━━━ WORKING DATA

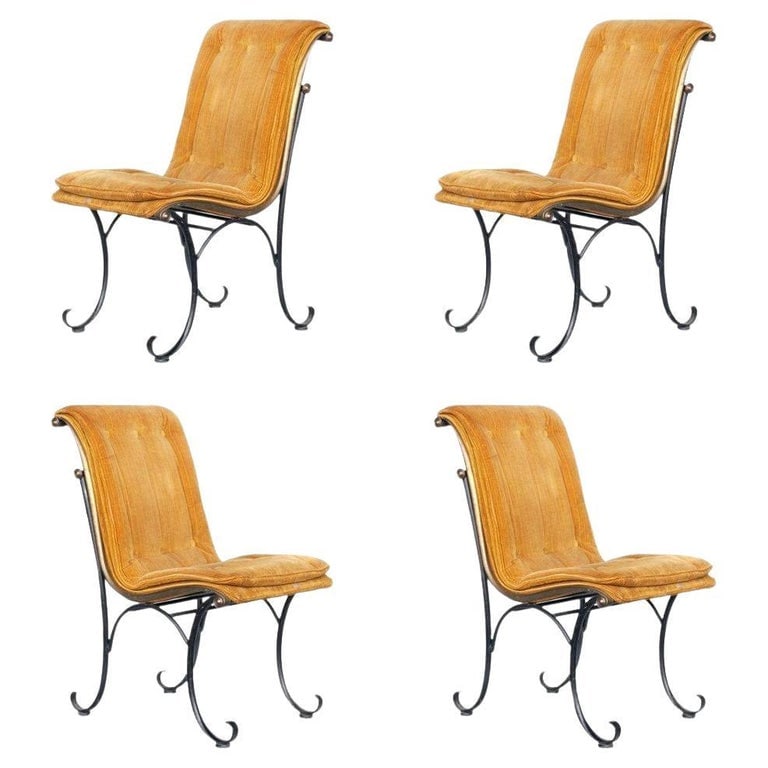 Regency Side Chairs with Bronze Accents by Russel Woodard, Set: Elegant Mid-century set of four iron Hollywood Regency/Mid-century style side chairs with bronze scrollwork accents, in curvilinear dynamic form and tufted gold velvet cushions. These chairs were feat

━━━━━━
━━━ WORKING DATA

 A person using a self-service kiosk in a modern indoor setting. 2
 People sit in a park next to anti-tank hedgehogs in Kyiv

━━━━━━

*WHAT TO DO:*
Begin with the line above that has "A person using" and continue through the line that has "People sit in", setting each one down exactly. Stop there.

*SOLUTION TO THIS PROBLEM:*
 A person using a self-service kiosk in a modern indoor setting. 2
 People sit in a park next to anti-tank hedgehogs in Kyiv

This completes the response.